Ik geniet ook van Grünbergs taligheid en onverwachte invalshoeken, maar voor hem is eenzaamheid en langs elkaar leven een bron van inspiratie en creativiteit. Met zo’n opmerking in een voetnoot toon je weinig empathie voor mensen die werkelijk lijden onder een gebrek aan zielsweerklank in de laatste jaren van hun leven.
Dank je wel, Abdulwahid, voor dit …
Ik zal het lezen, herlezen en meenemen als stof ter overdenking en om eruit te putten.
Die laatste alinea lijkt vertaald vanuit het iets poëtischere werk van Barks en anders is het net als zijn werk meer een kwestie van interpretatie of vertolking dan van vertaling van het werk van Rumi. Barks vertolkte Rumi ook niet vanuit het originele werk. Hij kan zelfs helemaal geen Farsi (Perzisch) lezen of schrijven en zette in plaats daarvan negentiende-eeuwse vertalingen (en vertolkingen) om in Amerikaanse proza en poëzie met minder duidelijke verwijzingen naar islamitische teksten. Veel westerlingen ‘vertalen’ tegenwoordig uit zijn hergeformuleerde Victoriaanse vertalingen en uit vertolkingen van anderen en verbergen Rumi’s toewijding aan Islam en de overduidelijke inspiratie uit de religieuze teksten, die in het origineel zo duidelijk is.

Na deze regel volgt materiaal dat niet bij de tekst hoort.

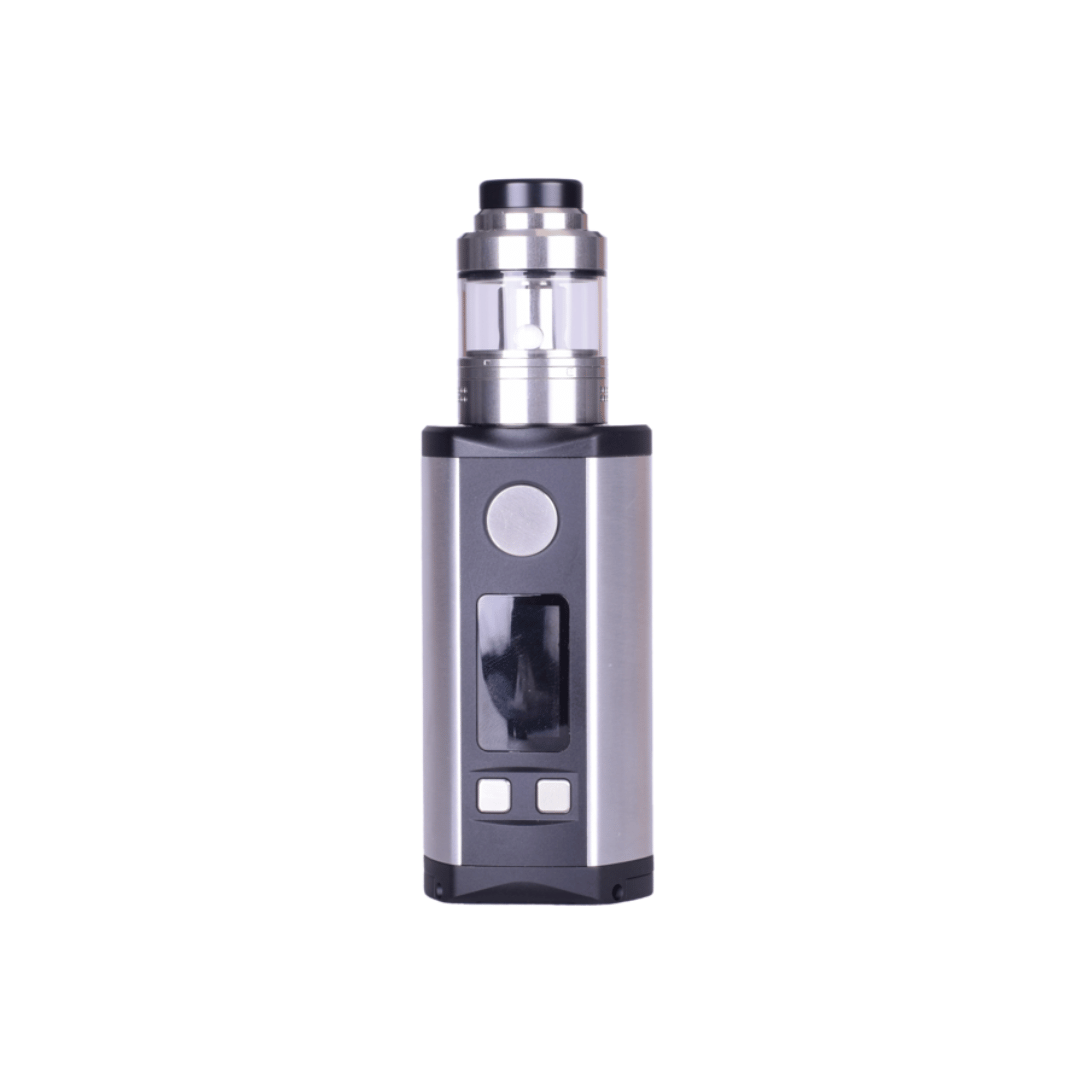 Ascent Kit Raw Silver vape device with a sleek design and digital display.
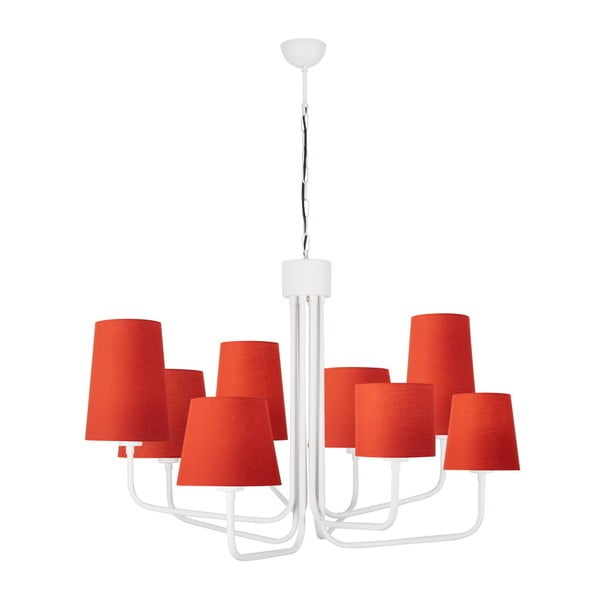 Lampada a sospensione in metallo bianco con paralumi rossi Opviq luci Anna - Opviq lights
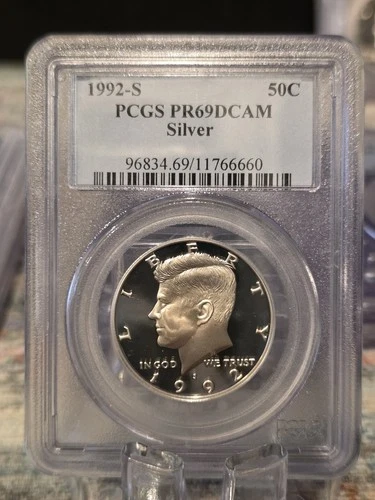 1992 S 50C Silver Kennedy Half Dollar Proof PCGS PR69DCAM
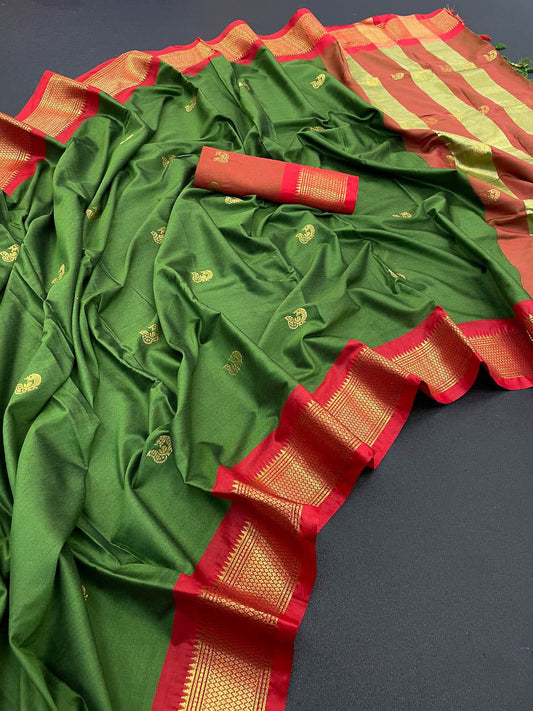 Kalyani Cotton Single Zari Border Sarees
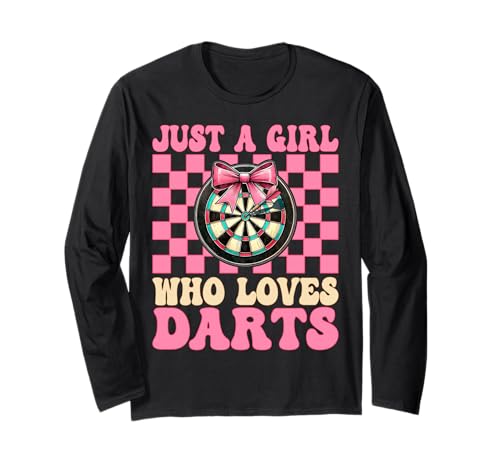 Just A Girl Who Loves Darts Dartscheibe Pink Coquette Bow Langarmshirt Just A Girl Who Loves Darts Dartscheibe Pink Coquette Bow Langarmshirt von Womens Pink Coquette Bow Darts Dartboard Gifts
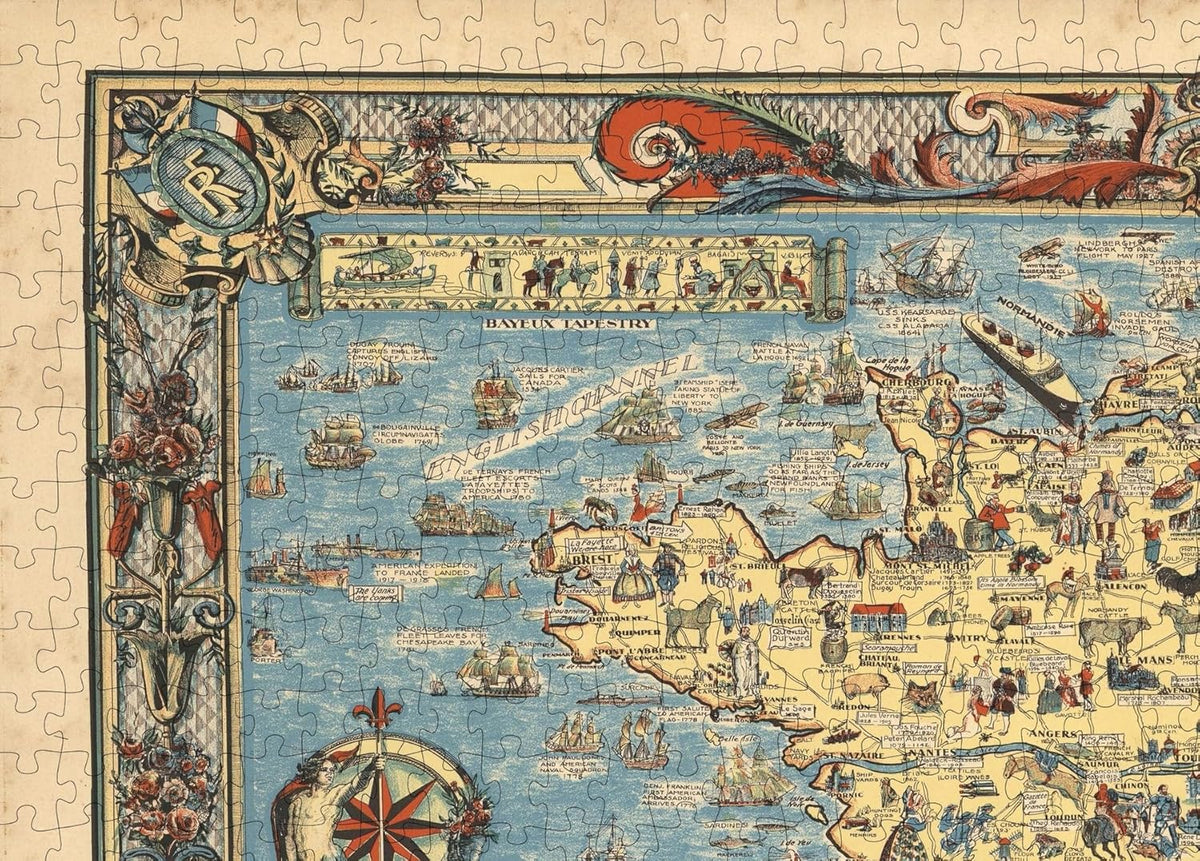 France Story Map puzzle: channel and northwestern map detail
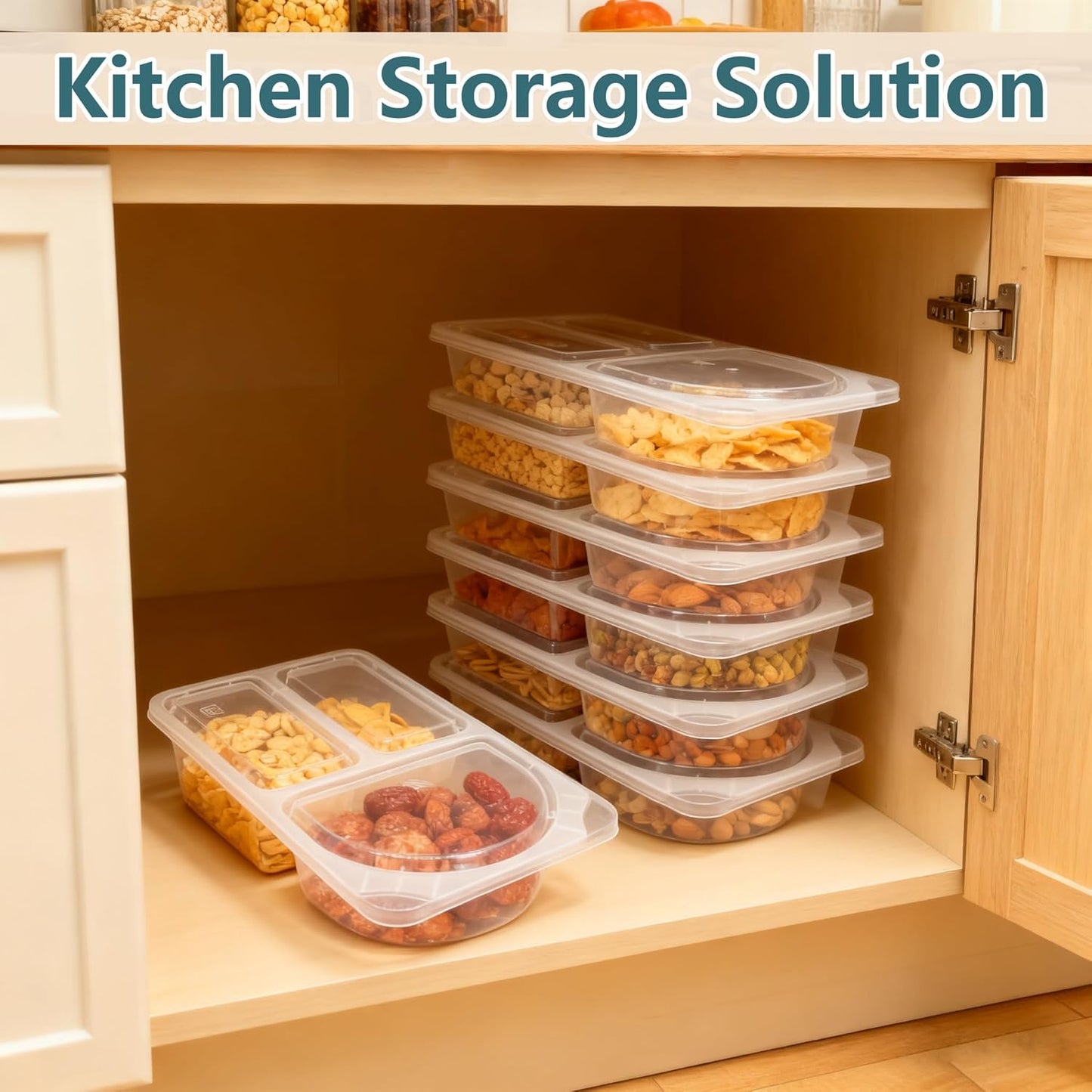 3 Compartment Snack Containers with Lids & 9oz Meal Prep Containers, Reusable Snack Pack Containers, BPA-Free Leakproof Small Food Storage, Perfect for Work, Travel & On-the-Go (10 Sets)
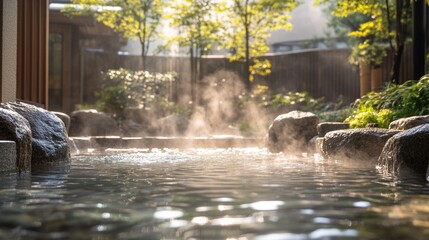 Fototapeta premium Serene Japanese Onsen Bath Oasis with Natural Stones in Steaming Water for Relaxation and Tranquility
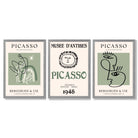 Modern Minimal Picasso Set of 3 Green Framed Wall Art with Light Grey Wooden Frames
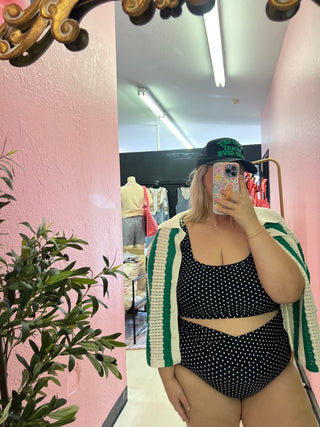 miss miss polka dot swim top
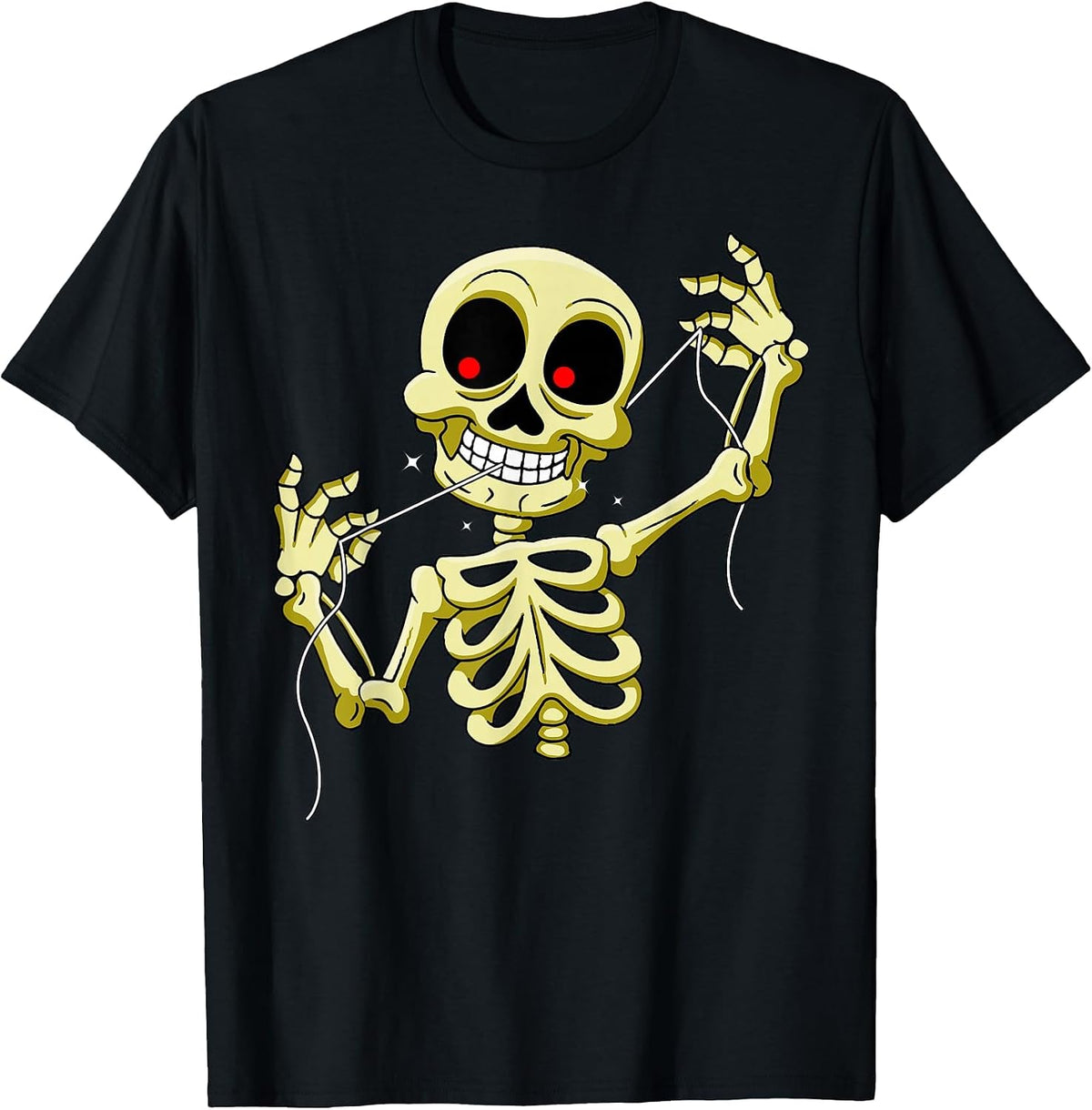 Funny flossing Skeleton Tshirt Meme Pun Dentist T-Shirt - Black
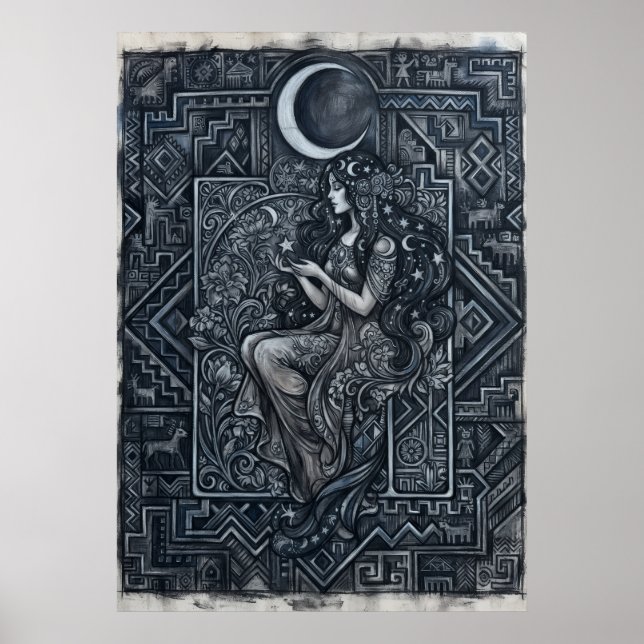 Poster Cartaz da Mulher da Lua Monocromática (Frente)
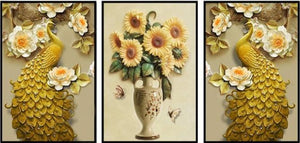 Tournesol de paon - diamant rond complet - 92x45cm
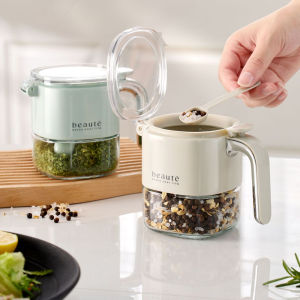 400ML Kitchen Large Capacity Press-type Sealed Seasoning Jar Salt Jar Storage Box Household Sealed Moisture-proof Seasoning Box MSG Seasoning Jar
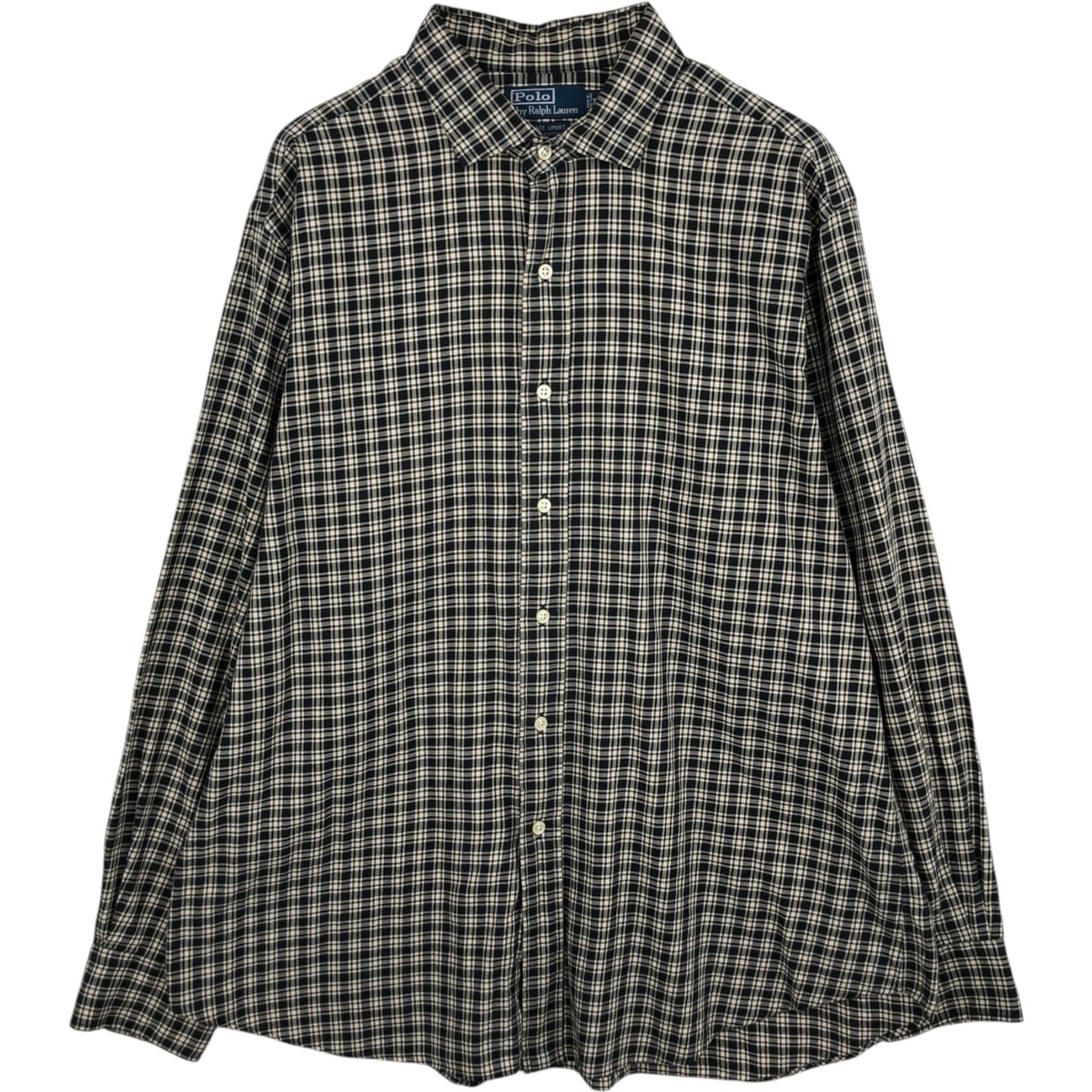 古着 ラルフローレン Ralph Lauren POLO by Ralph Lauren ESTATE SPORT チェック柄 ワイドカラー 長袖 コットンシャツ メンズXL相当/eaa614310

Rumi gebruikte de Quran, Hadiths en de religie op een verkennende manier en daagde vaak de conventionele interpretaties uit. Zijn beroemde werk Mathnavi bestaat vrijwel uitsluitend uit poetische interpretaties van Quranverzen en religieuze teksten. De laatste alinea van dit artikel klinkt bij Barks als volgt: “Out beyond ideas of rightdoing and wrongdoing, there is a field. / I will meet you there.” De originele versie spreekt niet van “rightdoing” en “wrongdoing” of “goed” en “kwaad” zoals in dit artikel. De woorden die Rumi schreef waren iman en kufr (religie/waarheidsgeloof en misrepresentatie van/ontrouw aan de waarheid). Hoewel de nieuwe woordkeuze waarschijnlijk ook gericht is op het bereiken van een groter publiek, is het jammer dat hier net als bij velen voorheen gekozen is om de Islam uit de tekst te verwijderen. Wat veel moderne moslims radicale opvattingen vinden, voert vaak terug op de interpretaties van Rumi van meer dan zevenhonderd jaar geleden en de originele bedoeling gaat soms een beetje verloren.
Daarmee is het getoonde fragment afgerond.